Вокруг Света 1989 № 03 (2582) | страница 27



После этого Ялатов надолго уходит в себя; сидит, опустив печальную голову с редкими вихрами, и табачный дым обвивает его нервные пальцы. Из раскрытых окон напротив несутся одуряющие децибелы — но Ялатов не слышит магнитофона, как не слышит и моих вопросов, мысли его витают далеко-далеко отсюда. Он упивается воспоминаниями, он ищет в них свою молодость, щедрую, нерастраченную силу, видит перед собой деда Сырана, играющего на топшуре, и губы старика складываются в мудрую улыбку.

Вдруг он меняется в лице.

— Язык потерять — себя потерять,— говорит Ялатов и смотрит на мой блокнот и авторучку: давай, мол, работай, я слов на ветер не бросаю.— Пришел сегодня на почту, за стойкой девушка стоит, по лицу видать, наша, алтайка. Спрашиваю: скажи-ка, милая, как мне посылку послать и сколько это будет стоить? А она молчит, только глазами хлопает. «Ты что, глухонемая, что ли?» А она: «Говорите по-русски, я не понимаю»... Ой, куда мы идем! Совсем скоро не станет алтайцев. Приедут из района, из дальней глубинки, а говорят по-русски. Это как понять, а? И никто на топшуре играть не может. Многие дети даже не знают, что за инструмент такой. А без музыки-то и хлеб горек... Вот раньше было — ой-ёй-ёй! В каждом доме и пели, и играли. Ребятишки за мной как за собачкой бегали: сыграй, кайчи Николай, и сказку расскажи.
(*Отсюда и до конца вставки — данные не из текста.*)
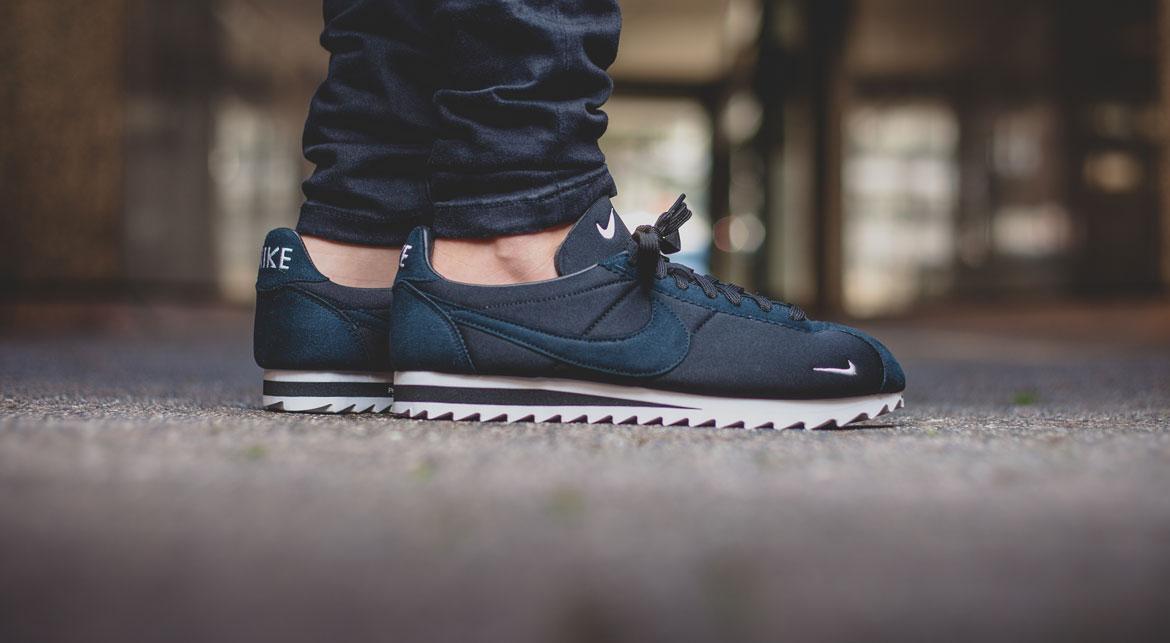 cortez shark low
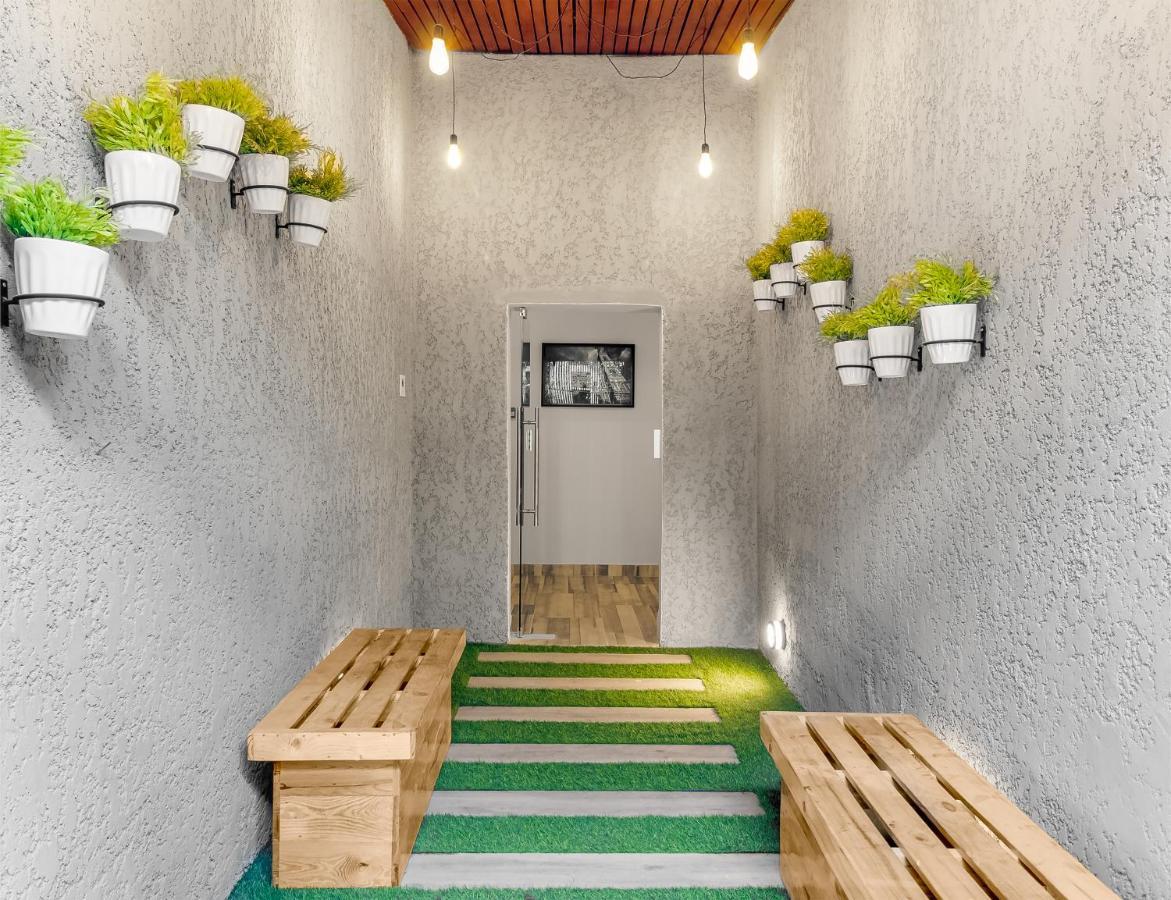 Villa Monument Hotel Aliayabiagba Экстерьер фото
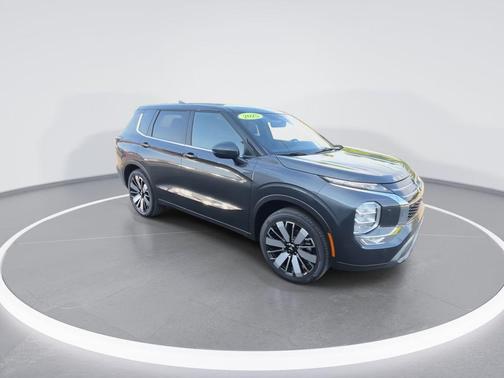 Graphite Gray 2025 Mitsubishi Outlander SE 2.5 S-AWC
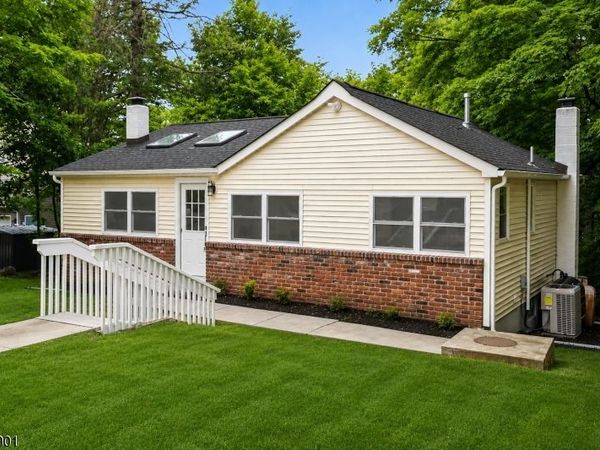 30 Belford Dr, West Milford, NJ 07421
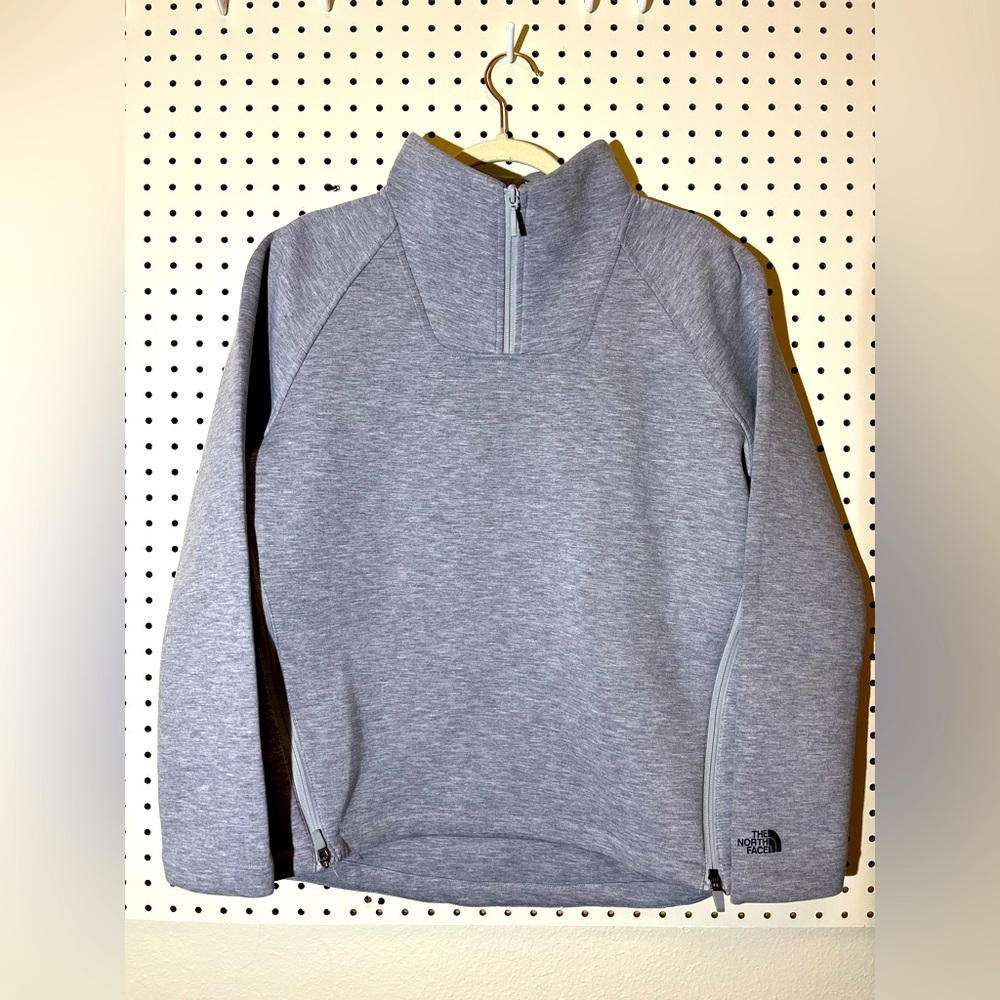 The North Face 1/4 zip sweatshirt large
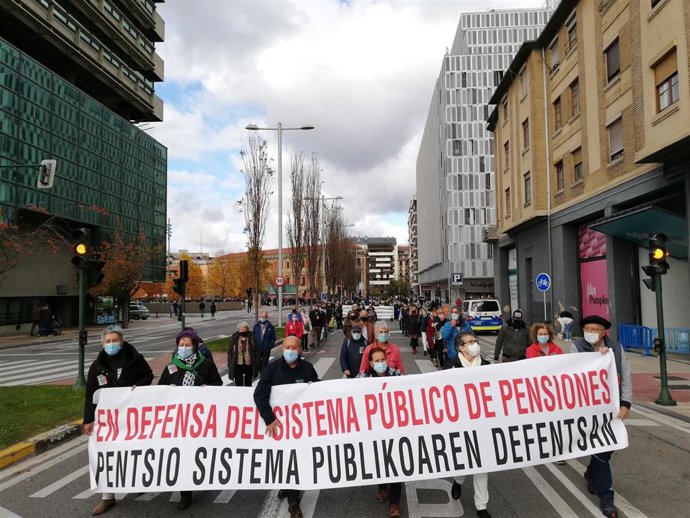 Manifestación en Pamplona en contra del proyecto de ley de reforma de las pensiones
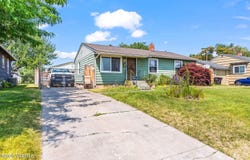 1306 S 6th Ave, Yakima, WA 98902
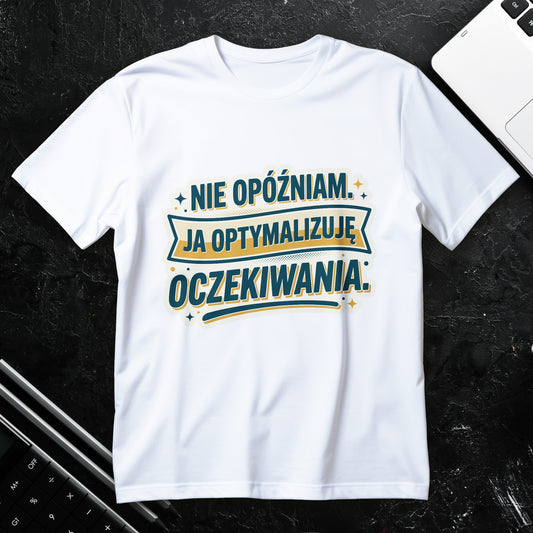 Koszulka z napisem Nie opóźniam ja optymalizuję oczekiwania – retro plakietka z banerem i ozdobnymi gwiazdkami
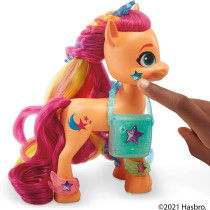 My Little Pony: A New Generation Rainbow Reveal Sunny Starscout - 15 cm Orange Pony Toy With Rainbow Braid, 17 Accessories
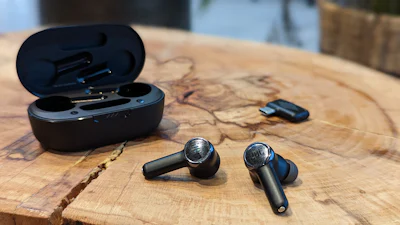 JBL Quantum TWS - Bluetooth in-ear voordelen zonder bluetooth nadelen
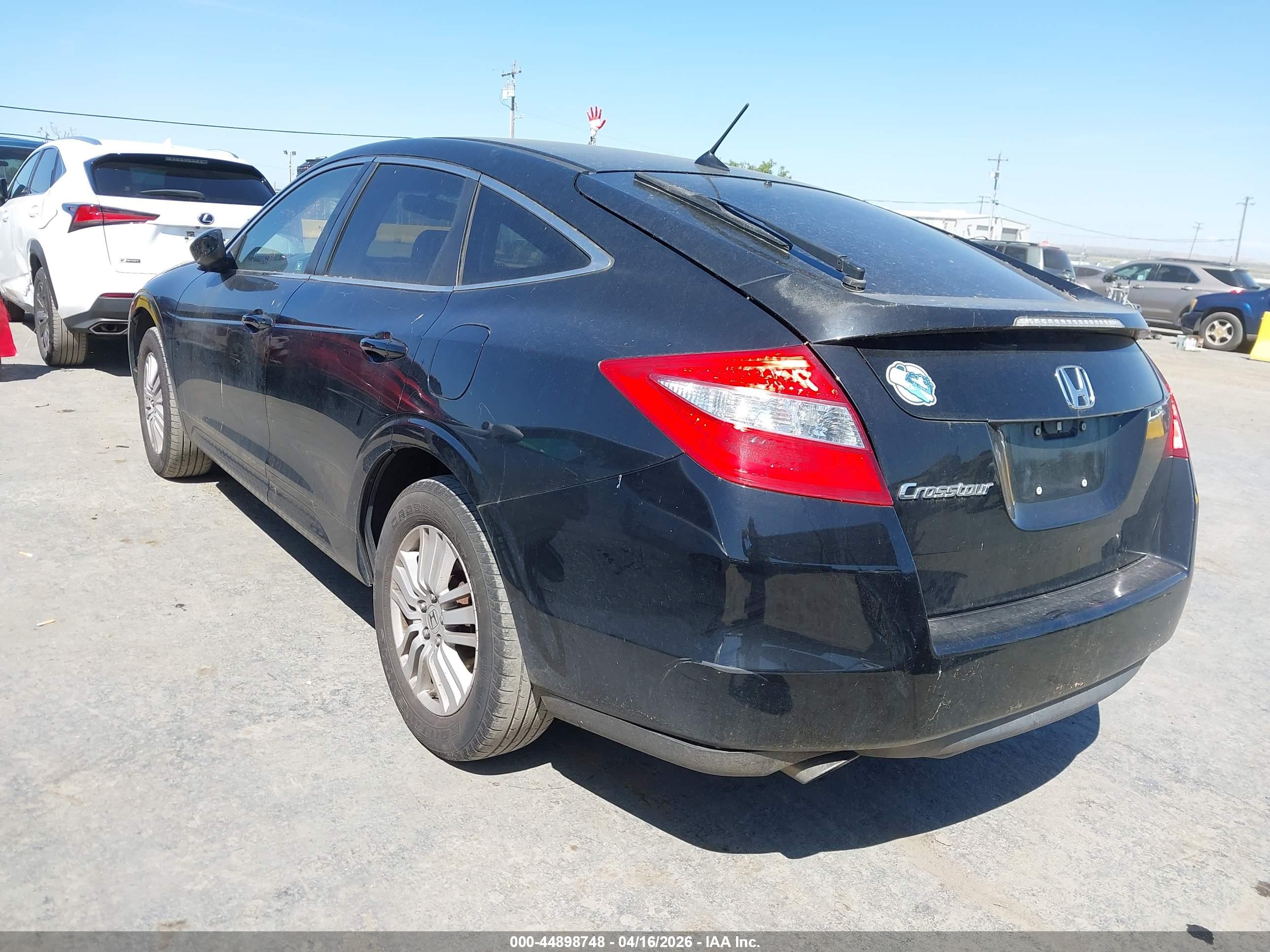 HONDA CROSSTOUR image 3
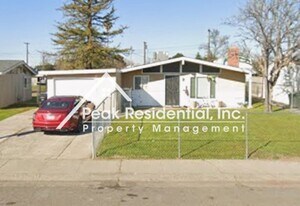 3821 Karl Dr in North Highlands, CA - Building Photo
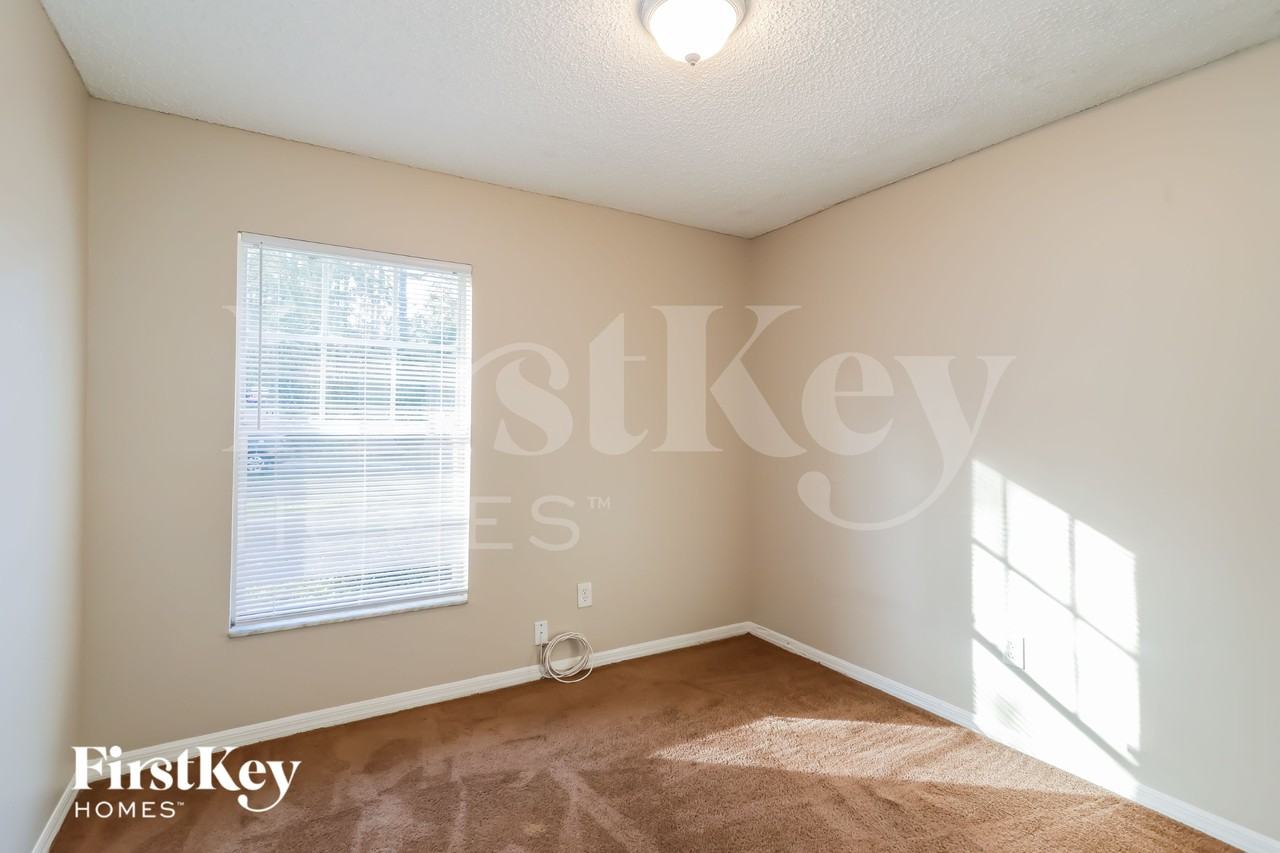 15013 Se 25th Ave - Photo 7 of 16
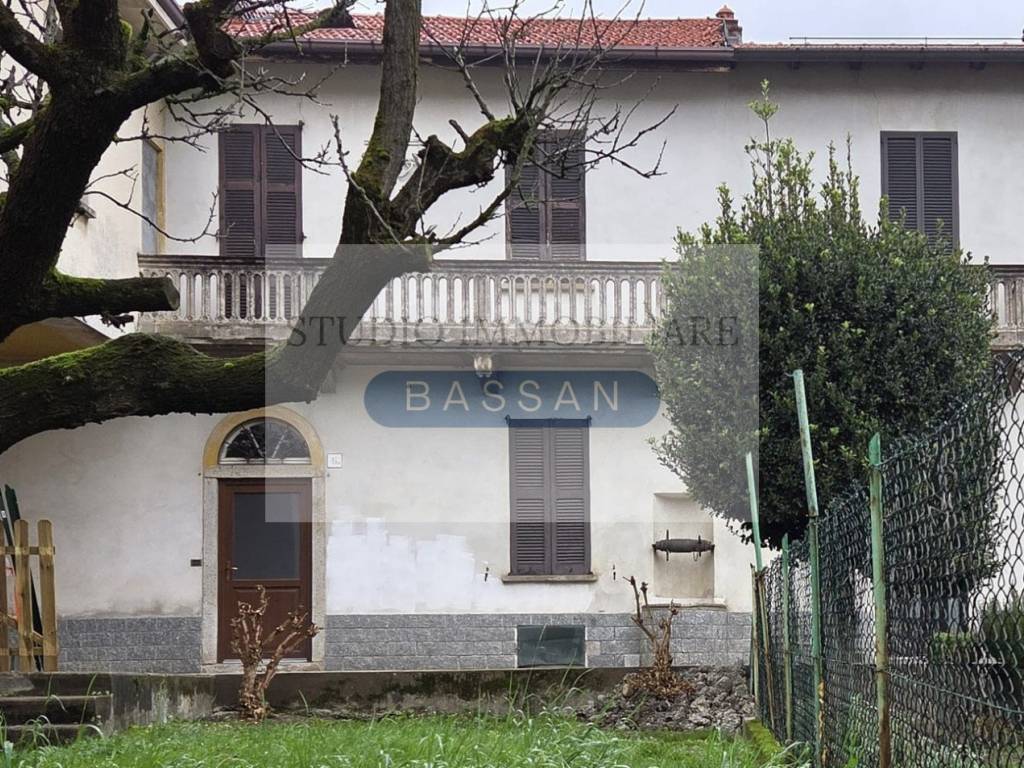 Appartamento a Carnago in Via Vittorio Veneto 6 - Foto 2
А то еще на свадьбы звали, я ведь много свадебных песен знаю, их у нас называют «мак кожонг». О женихе-невесте надо пропеть и о каждом родственнике в отдельности. Слушай и записывай!..

Николай Кокурович вскочил со стула, приосанился петушком, словно сбросил с плеч лет двадцать, и запел на родном языке. Правая его рука повторяла по инерции все движения, как если бы он играл на топшуре. «Трава, растущая на северном склоне, подобна шестирядному шелку. Сидящая передо мной сватья дороже золотого кольца...»

А на прощанье Ялатов исполнил маленький отрывок из сказания «Оленгир», где говорится о том, что герой в минуту смертельной опасности заботится не столько о себе, сколько о целости и сохранности рода. И тут же перевел этот отрывок на русский язык:

Пусть не погибнет мой очаг,

Пусть зола в нем не развеется,

Пусть огонь в нем не погаснет,

Пусть чаша на нем не остынет!

— Ну, где был, что видел, рассказывай! — приветствовал меня пастух, когда я снова в обещанный час поднялся на вершину Тугая. Виктор оказался не один. Молодой человек лет тридцати, может быть, чуть побольше (он представился племянником Виктора, инженером-химиком), напряженно ощупывал меня взглядом и до поры до времени помалкивал. У него был вид скучающего интеллигента, приехавшего навестить сельских родственников и не знающего, как убить время. Так показалось поначалу.